Re: [PATCH RFC v6 08/10] megaraid_sas: switch fusion adapters to MQ

John Garry <john.garry@xxxxxxxxxx> · Thu, 23 Apr 2020 17:31:56 +0100

So I tested this on hisi_sas with x12 SAS SSDs, and performance with 
"mq-
deadline" is comparable with "none" @ ~ 2M IOPs. But after a while
performance drops alot, to maybe 700K IOPS. Do you have a similar
experience?

I am using mq-deadline only for HDD. I have not tried on SSD since it 
is not
useful scheduler for SSDs.

I ask as I only have SAS SSDs to test.

I noticed that when I used mq-deadline, performance drop starts if I have
more number of drives.
I am running <fio> script which has 64 Drives, 64 thread and all 
treads are
bound to local numa node which has 36 logical cores.
I noticed that lock contention is in " dd_dispatch_request". I am not 
sure
why there is a no penalty of same lock in nr_hw_queue  = 1 mode.

So this could be just pre-existing issue of exposing multiple queues for 
SCSI HBAs combined with mq-deadline iosched. I mean, that's really the 
only significant change in this series, apart from the shared sbitmap, 
and, at this point, I don't think that is the issue.

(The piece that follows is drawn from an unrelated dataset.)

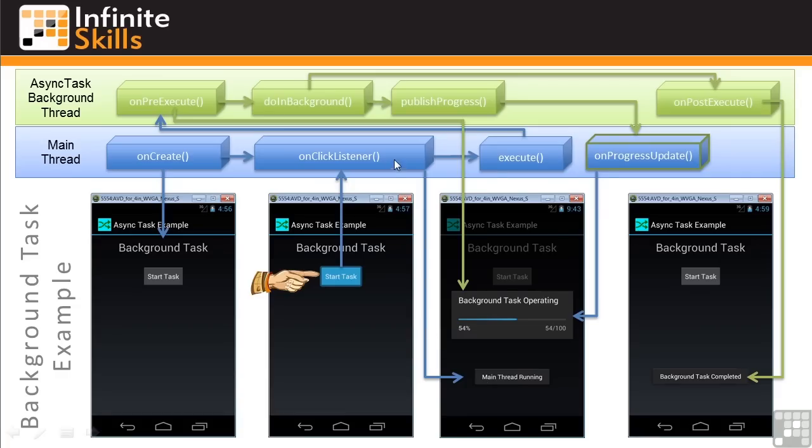In the background thread that's set up by AsyncTask, a sequence of methods is executed. First, the onPreExecute method is invoked, and we initiate the progress dialog bar.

As an experiment, I modified hisi_sas mainline driver to expose hw 
queues and manage tags itself, and I see the same issue I mentioned:

Jobs: 12 (f=12): [R(12)] [14.8% done] [7592MB/0KB/0KB /s] [1943K/0/0 
iops] [eta
Jobs: 12 (f=12): [R(12)] [16.4% done] [7949MB/0KB/0KB /s] [2035K/0/0 
iops] [eta
Jobs: 12 (f=12): [R(12)] [18.0% done] [7940MB/0KB/0KB /s] [2033K/0/0 
iops] [eta
Jobs: 12 (f=12): [R(12)] [19.7% done] [7984MB/0KB/0KB /s] [2044K/0/0 
iops] [eta
Jobs: 12 (f=12): [R(12)] [21.3% done] [7984MB/0KB/0KB /s] [2044K/0/0 
iops] [eta
Jobs: 12 (f=12): [R(12)] [23.0% done] [2964MB/0KB/0KB /s] [759K/0/0 
iops] [eta 0
Jobs: 12 (f=12): [R(12)] [24.6% done] [2417MB/0KB/0KB /s] [619K/0/0 
iops] [eta 0
Jobs: 12 (f=12): [R(12)] [26.2% done] [2909MB/0KB/0KB /s] [745K/0/0 
iops] [eta 0
Jobs: 12 (f=12): [R(12)] [27.9% done] [2366MB/0KB/0KB /s] [606K/0/0 
iops] [eta 0

The odd time I see "sched: RT throttling activated" around the time the 
throughput falls. I think issue is the per-queue threaded irq threaded 
handlers consuming too many cycles. With "none" io scheduler, IOPS is 
flat at around 2M.

static struct request *dd_dispatch_request(struct blk_mq_hw_ctx *hctx)
{
         struct deadline_data *dd = hctx->queue->elevator->elevator_data;
         struct request *rq;

         spin_lock(&dd->lock);

So if multiple hctx's are accessing this lock, then much contention 
possible.

         rq = __dd_dispatch_request(dd);
         spin_unlock(&dd->lock);

         return rq;
}

Here is perf report -

-    1.04%     0.99%  kworker/18:1H+k  [kernel.vmlinux]  [k]
native_queued_spin_lock_slowpath
      0.99% ret_from_fork
     -   kthread
       - worker_thread
          - 0.98% process_one_work
             - 0.98% __blk_mq_run_hw_queue
                - blk_mq_sched_dispatch_requests
                   - 0.98% blk_mq_do_dispatch_sched
                      - 0.97% dd_dispatch_request
                         + 0.97% queued_spin_lock_slowpath
+    1.04%     0.00%  kworker/18:1H+k  [kernel.vmlinux]  [k]
queued_spin_lock_slowpath
+    1.03%     0.95%  kworker/19:1H-k  [kernel.vmlinux]  [k]
native_queued_spin_lock_slowpath
+    1.03%     0.00%  kworker/19:1H-k  [kernel.vmlinux]  [k]
queued_spin_lock_slowpath
+    1.02%     0.97%  kworker/20:1H+k  [kernel.vmlinux]  [k]
native_queued_spin_lock_slowpath
+    1.02%     0.00%  kworker/20:1H+k  [kernel.vmlinux]  [k]
queued_spin_lock_slowpath
+    1.01%     0.96%  kworker/21:1H+k  [kernel.vmlinux]  [k]
native_queued_spin_lock_slowpath

I'll try to capture a perf report and compare to mine.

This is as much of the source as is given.